## TASK BRIEF
When you return the data, keep every line exactly as it is and leave out the pictures.
§ §
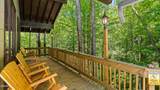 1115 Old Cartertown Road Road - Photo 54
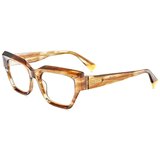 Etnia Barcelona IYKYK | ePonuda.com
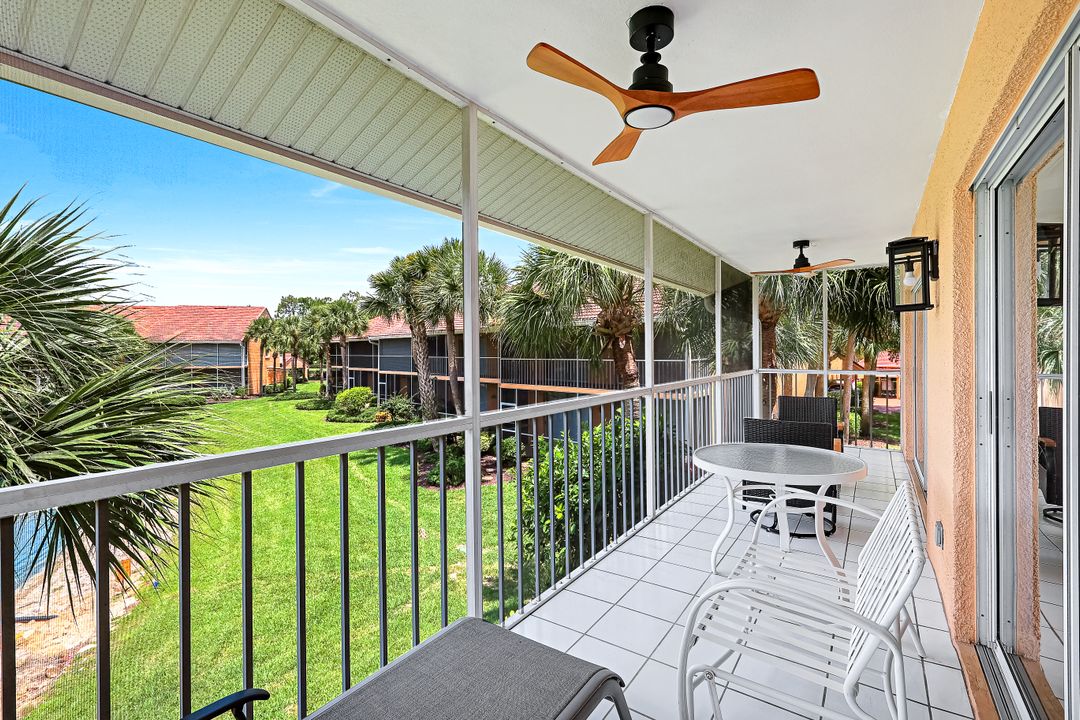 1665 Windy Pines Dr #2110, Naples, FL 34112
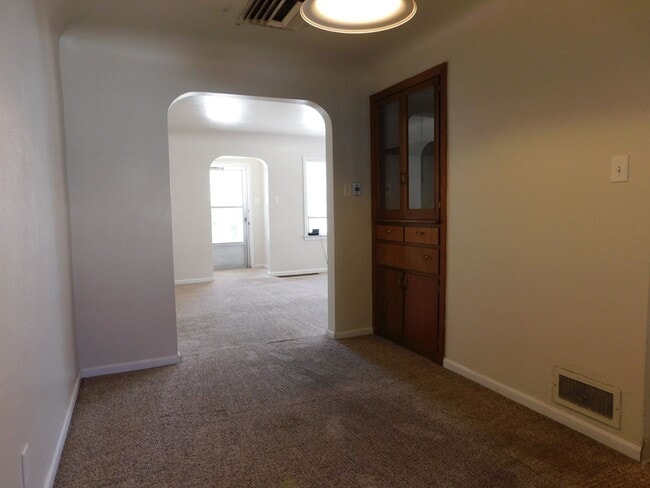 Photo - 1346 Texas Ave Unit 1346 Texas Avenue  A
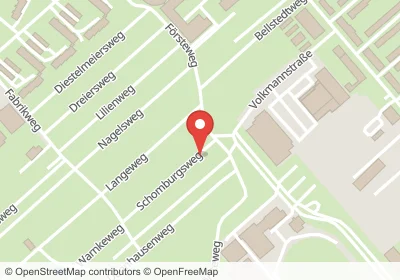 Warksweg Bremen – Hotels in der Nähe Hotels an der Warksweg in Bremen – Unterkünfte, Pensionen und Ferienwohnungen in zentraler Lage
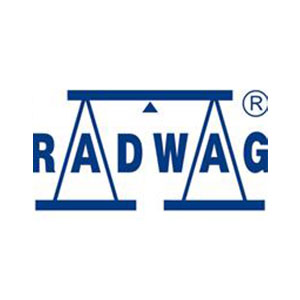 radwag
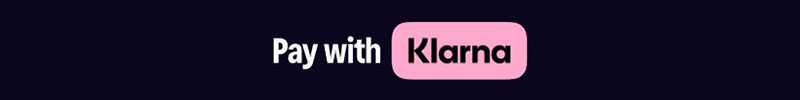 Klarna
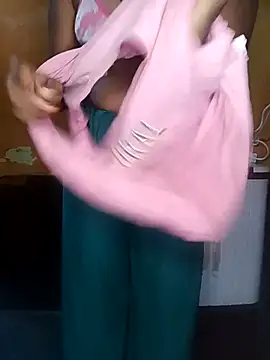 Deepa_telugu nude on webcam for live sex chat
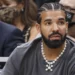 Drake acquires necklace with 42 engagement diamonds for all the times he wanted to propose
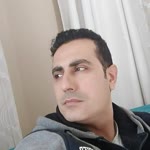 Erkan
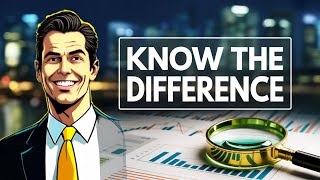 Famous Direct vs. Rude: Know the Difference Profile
§ §
## TASK RESPONSE
 1115 Old Cartertown Road Road - Photo 54
 Etnia Barcelona IYKYK | ePonuda.com
 1665 Windy Pines Dr #2110, Naples, FL 34112
 Photo - 1346 Texas Ave Unit 1346 Texas Avenue  A
 Warksweg Bremen – Hotels in der Nähe Hotels an der Warksweg in Bremen – Unterkünfte, Pensionen und Ferienwohnungen in zentraler Lage
 radwag
 Klarna
 Deepa_telugu nude on webcam for live sex chat
 Drake acquires necklace with 42 engagement diamonds for all the times he wanted to propose
 Erkan
 Famous Direct vs. Rude: Know the Difference Profile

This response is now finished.